Ni siquiera había lanzado su compañía todavía; nadie sabía si realmente tendría éxito. Pero que Mateo dejara Entretenimiento Eco Celestial decía suficiente; claramente tenía sentimientos hacia la banda Avery.
—Ya redacté el contrato. Te lo enviaré por correo esta noche; échale un vistazo cuando tengas oportunidad.
Como todos eran amigos, cualquier preocupación o solicitud necesitaba ponerse sobre la mesa.
—Está bien.
—Bueno, si no hay nada más pendiente, ya es momento de cenar de todas formas. Vamos todos a buscar algo de comer.
—Perfecto, todos recojan sus cosas, saldremos a cenar —le gritó Avery a los demás integrantes que seguían ensayando, incluyendo a Ysabel.
Los siete se dirigieron a un restaurante cercano para alimentarse. Tras la cena, Avery escoltó personalmente a Tessa e Ysabel de regreso al Apartamento Wisteria.

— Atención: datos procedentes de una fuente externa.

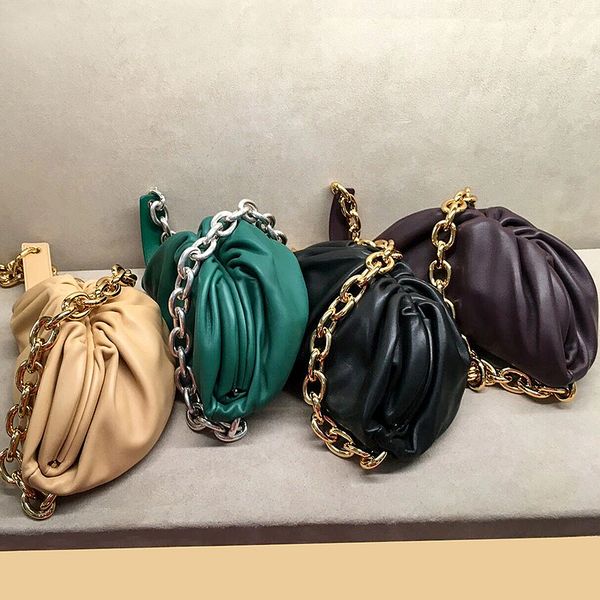 

design hand 2021 new leather clip fashion chain cloud cowhide fold dumpling women's waist cross chest bag, Red;black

Para facilitar su entrenamiento vocal y consolidar su posición como un elemento fundamental en Tessa Entertainment, Ysabel se había trasladado de la Residencia Thorne al iniciar el semestre. Había estado conviviendo con Tessa durante los últimos días.
Al arribar al estacionamiento subterráneo del Apartamento Wisteria, Ysabel y Tessa descendieron del vehículo.

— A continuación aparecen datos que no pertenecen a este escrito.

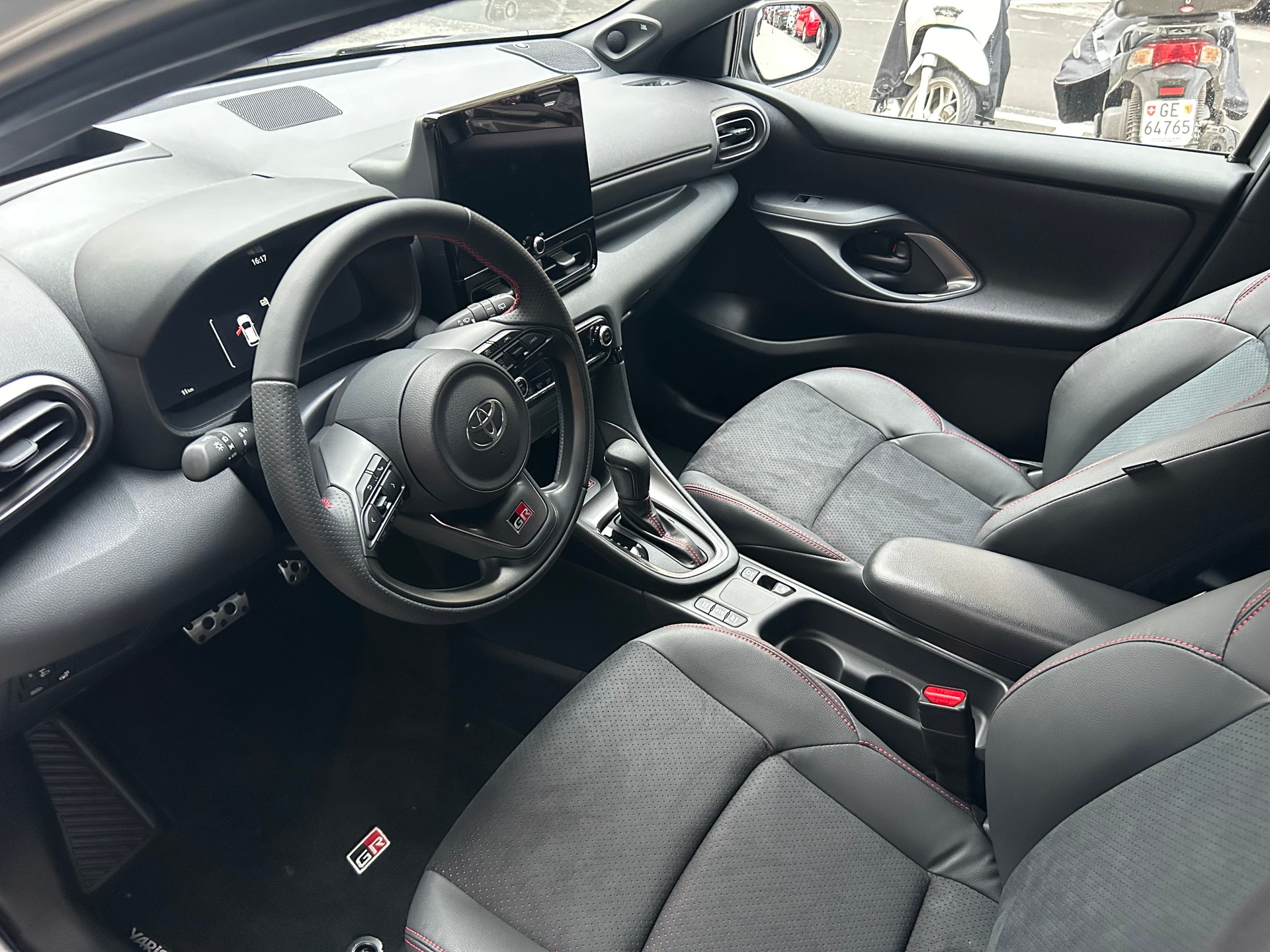 TOYOTA Yaris 1.5 GR Sport e-CVT - 6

—Muy bien, suban y descansen. Las circunstancias se van a intensificar por un tiempo, así que prepárense mentalmente.
Tessa no aspiraba a convertirse en algún tipo de magnate despiadado. Pero la industria del espectáculo operaba de esa manera: si no avanzabas con rapidez, quedabas rezagado. La competencia era implacable.

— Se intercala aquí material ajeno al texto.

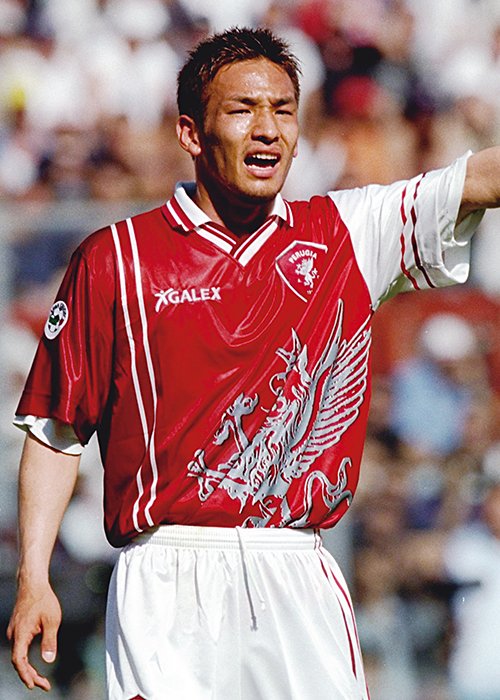 中田英寿　Hidetoshi Nakata　Perugia 1998-2000　AS Roma 2000-2001　Parma 2001-2004　Bologna 2004　Fiorentina 2004-2005　セリエAデビュー戦での2ゴールを皮切りに二桁得点を記録するなど大きな衝撃を与えた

—Entendido —Avery y los demás asintieron sin vacilación.
No le temían al esfuerzo intenso; habían estado batallando durante años por una oportunidad de sobresalir.
Después de que partieron, Tessa acompañó a Ysabel al ascensor y regresaron al apartamento. Justo al ingresar, ahí estaba Landon, recostado en el sofá con comida para llevar desplegada sobre la mesa de centro...
Ysabel se paralizó por un instante.
—Tío Landon, ¿qué estás haciendo aquí?
«¿Y comiendo comida para llevar también? Eso era un poco lamentable».
Landon las miró.
—¿Qué? ¿No puedo estar aquí? Si tú puedes estar aquí, ¿por qué yo no?